Coopération : ce qui se joue côté finances
La décision sur l’avenir du SCAF est déterminante pour la France, l’Allemagne et l’Espagne. Dans une situation où « il ne reste plus qu’une semaine » pour parvenir à un accord, la pression est forte. Lors d’une audition en juin, Éric Trappier, PDG de Dassault Aviation, a dit que Dassault voulait un modèle de coopération lui permettant d’imposer ses décisions à Airbus. Cette approche s’inspire du succès du programme nEUROn, mené à faible coût et sur une période courte, sous l’égide de la Direction générale de l’armement (DGA).
De leur côté, Airbus et les industriels allemands poussent pour un modèle proche de celui de l’Eurofighter Typhoon, projet commun entre le Royaume‑Uni, l’Allemagne, l’Italie et l’Espagne. Michael Schoellhorn, PDG d’Airbus Defence & Space, défend cette voie en insistant sur le respect des accords initiaux, malgré des tensions croissantes entre les parties.

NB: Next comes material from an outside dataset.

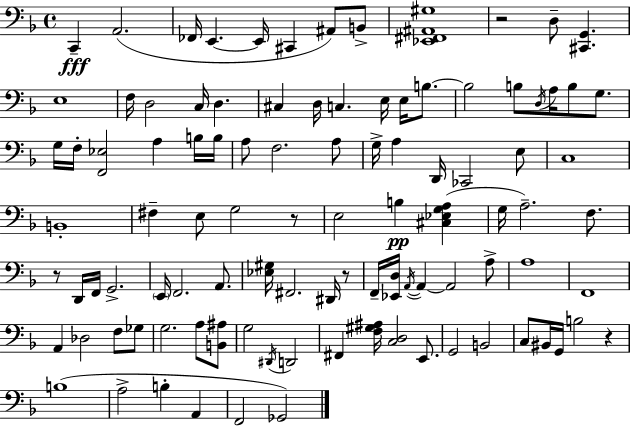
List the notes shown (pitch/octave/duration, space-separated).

C2/q A2/h. FES2/s E2/q. E2/s C#2/q A#2/e B2/e [Eb2,F#2,A#2,G#3]/w R/h D3/e [C#2,G2]/q. E3/w F3/s D3/h C3/s D3/q. C#3/q D3/s C3/q. E3/s E3/s B3/e. B3/h B3/e D3/s A3/s B3/e G3/e. G3/s F3/s [F2,Eb3]/h A3/q B3/s B3/s A3/e F3/h. A3/e G3/s A3/q D2/s CES2/h E3/e C3/w B2/w F#3/q E3/e G3/h R/e E3/h B3/q [C#3,Eb3,G3,A3]/q G3/s A3/h. F3/e. R/e D2/s F2/s G2/h. E2/s F2/h. A2/e. [Eb3,G#3]/s F#2/h. D#2/s R/e F2/s [Eb2,D3]/s A2/s A2/q A2/h A3/e A3/w F2/w A2/q Db3/h F3/e Gb3/e G3/h. A3/e [B2,A#3]/e G3/h D#2/s D2/h F#2/q [F3,G#3,A#3]/s [C3,D3]/h E2/e. G2/h B2/h C3/e BIS2/s G2/s B3/h R/q B3/w A3/h B3/q A2/q F2/h Gb2/h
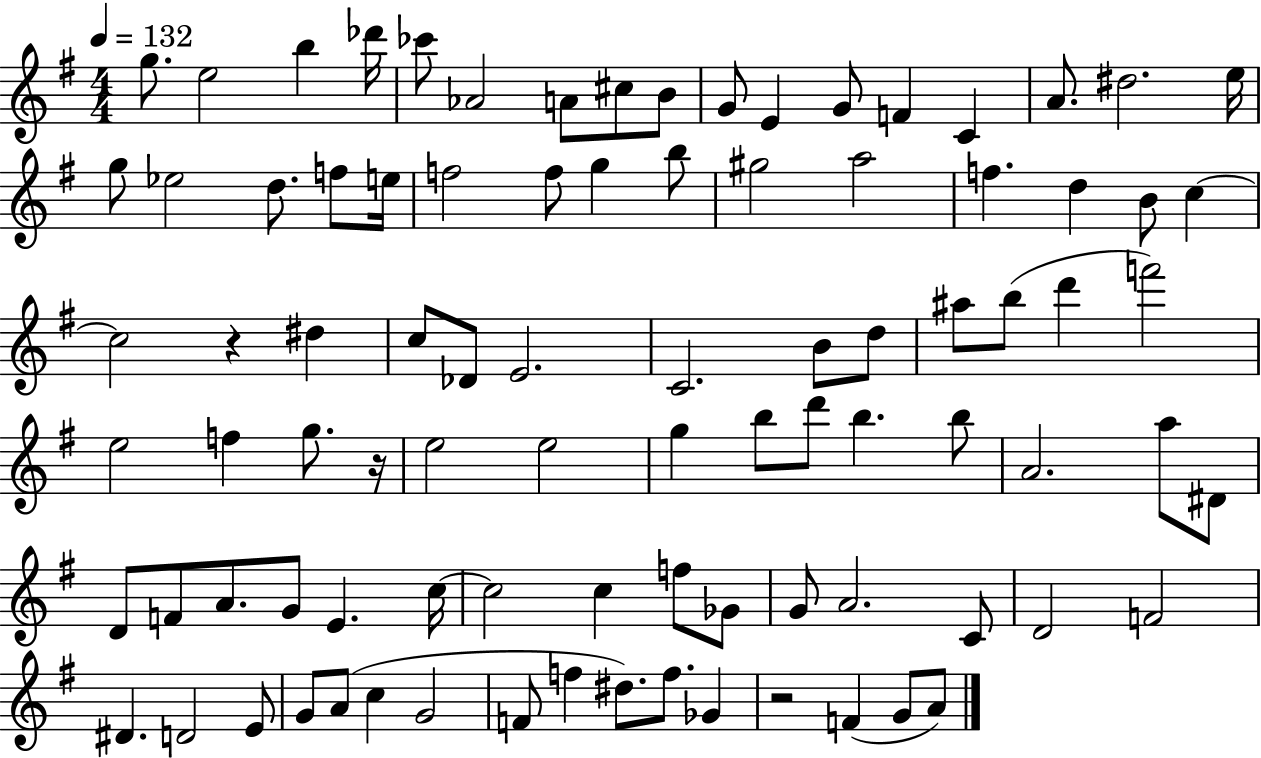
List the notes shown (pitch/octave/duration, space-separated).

G5/e. E5/h B5/q Db6/s CES6/e Ab4/h A4/e C#5/e B4/e G4/e E4/q G4/e F4/q C4/q A4/e. D#5/h. E5/s G5/e Eb5/h D5/e. F5/e E5/s F5/h F5/e G5/q B5/e G#5/h A5/h F5/q. D5/q B4/e C5/q C5/h R/q D#5/q C5/e Db4/e E4/h. C4/h. B4/e D5/e A#5/e B5/e D6/q F6/h E5/h F5/q G5/e. R/s E5/h E5/h G5/q B5/e D6/e B5/q. B5/e A4/h. A5/e D#4/e D4/e F4/e A4/e. G4/e E4/q. C5/s C5/h C5/q F5/e Gb4/e G4/e A4/h. C4/e D4/h F4/h D#4/q. D4/h E4/e G4/e A4/e C5/q G4/h F4/e F5/q D#5/e. F5/e. Gb4/q R/h F4/q G4/e A4/e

Surcoûts et critiques des modèles actuels
Les rapports des cours des comptes britannique, française et allemande tirent la sonnette d’alarme : le coût total des Eurofighter acquis par le Royaume‑Uni a atteint 43,6 milliards d’euros, soit un surcoût de 75 % par rapport aux prévisions initiales. Les coûts de maintenance seraient, eux, deux fois supérieurs aux estimations (un point souligné par la Cour des comptes allemande). Ces chiffres illustrent les difficultés financières des grands programmes de défense européens.
Les sénateurs Pascal Allizard et Hélène Conway‑Mouret demandent un réexamen des méthodes employées, estimant que « les objectifs financiers et industriels doivent retrouver toute leur place lors de l’élaboration des coopérations européennes », cite le média Zone Militaire. Leur critique vise à améliorer la performance technologique et budgétaire des programmes à venir.

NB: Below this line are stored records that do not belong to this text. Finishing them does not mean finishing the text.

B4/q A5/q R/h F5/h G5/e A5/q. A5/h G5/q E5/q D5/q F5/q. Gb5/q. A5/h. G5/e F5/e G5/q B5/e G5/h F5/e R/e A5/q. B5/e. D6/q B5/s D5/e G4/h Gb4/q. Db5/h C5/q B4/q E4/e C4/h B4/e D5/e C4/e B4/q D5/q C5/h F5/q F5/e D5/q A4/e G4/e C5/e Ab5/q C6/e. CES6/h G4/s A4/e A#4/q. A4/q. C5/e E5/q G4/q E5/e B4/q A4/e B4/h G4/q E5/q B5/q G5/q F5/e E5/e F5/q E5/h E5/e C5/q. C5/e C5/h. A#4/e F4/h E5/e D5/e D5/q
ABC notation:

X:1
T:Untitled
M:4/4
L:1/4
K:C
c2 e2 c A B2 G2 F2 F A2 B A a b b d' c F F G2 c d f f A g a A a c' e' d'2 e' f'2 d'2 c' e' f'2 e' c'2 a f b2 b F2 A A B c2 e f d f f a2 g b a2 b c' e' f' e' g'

Deux modèles à l’épreuve : nEUROn vs Eurofighter
Les tensions entre Dassault et Airbus mettent en lumière deux modèles de coopération bien distincts. Le modèle nEUROn, basé sur une coopération industrielle claire avec la France en leader, a montré son efficacité sur les délais et les coûts, tandis que le modèle retenu pour l’Eurofighter mise sur une répartition équitable des tâches et la mutualisation des compétences, même s’il est critiqué pour des inefficacités perçues.

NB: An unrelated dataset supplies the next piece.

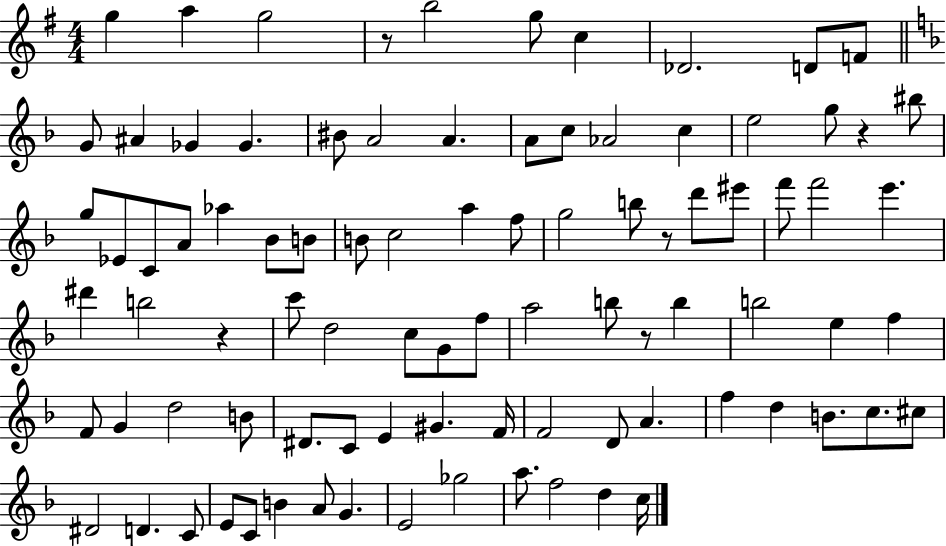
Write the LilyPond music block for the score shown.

La coopération nEUROn est mise en avant comme une réussite grâce à « l’absence de conflit de préséance », selon Éric Trappier. Il faut souligner que ces choix de gouvernance influencent directement les coûts finaux et les compromis techniques des projets.
Le choix du modèle pour le SCAF reste en suspens, accentué par des « échanges souvent musclés » entre industriels et responsables politiques. Le dossier semble bloqué. Selon un porte‑parole du gouvernement allemand, « il restait encore beaucoup de temps avant la fin de l’année » pour débloquer le projet.